Larry Masinter (masinter@parc.xerox.com)
Thu, 3 Aug 95 18:21:02 EDT

I didn't respond directly before, so I'll try now:

> OK. Say the transcription system used by both the FTP client and
> server says:

> (1) if an octet in the local encoding of a file name is in positions
> 0x20 - 0x24 or 0x26 - 0x7E of US-ASCII, then use that octet;
> (2) if an octet in the local encoding of a file name is in position
> 0x25 of US-ASCII (i.e., '%'), then use "%%"
> (3) otherwise, use %XX for each octet in the encoded file name (in big
> endian order), where XX is the hexidecimal value of each such octet.

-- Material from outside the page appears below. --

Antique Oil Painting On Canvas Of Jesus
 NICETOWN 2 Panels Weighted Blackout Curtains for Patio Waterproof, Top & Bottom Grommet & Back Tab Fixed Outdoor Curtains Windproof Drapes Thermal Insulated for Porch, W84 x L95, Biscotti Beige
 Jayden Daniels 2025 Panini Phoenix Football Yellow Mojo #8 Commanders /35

This transcription system will not be effective if the FTP client and
the FTP server use different internal character encodings in file
names.

> Now, say I am a Chinese version of Windows/NT using Unicode and I ask you for:

> RETR E-W%0B%00.%00T%00X%00T

> That is, in Unicode I have the following encoding of my file name:

> 4E2D 570B 002E 0054 0058 0054

> Say you are a Taiwanese server using the BIG5 character set for you file
> names. How do you interpret my request? Do you interpret it as a BIG5
> string? If so, then you think I just asked for the file "E-W??.?T?X?T"
> (assuming for a moment that you don't throw up on NUL and you interpret
> NUL and other C0 escapes as '?'.

Your example shows why implementors of TCP/IP protocol stacks on
systems that do not use ISO-8859-1 as their internal character set
should not just blindly translate their internal character codes into
bytes used on the Internet.

I'd recommend, for example, that both the Windows/NT server using
Unicode and also the Taiwanese server using BIG5 transliterate file
names using unicode-1-1-utf7 in their implementations of FTP and HTTP.

Otherwise, the client has to know not only what protocol it is
speaking but also more about the internal operation of the server than
it can possibly be expected to know.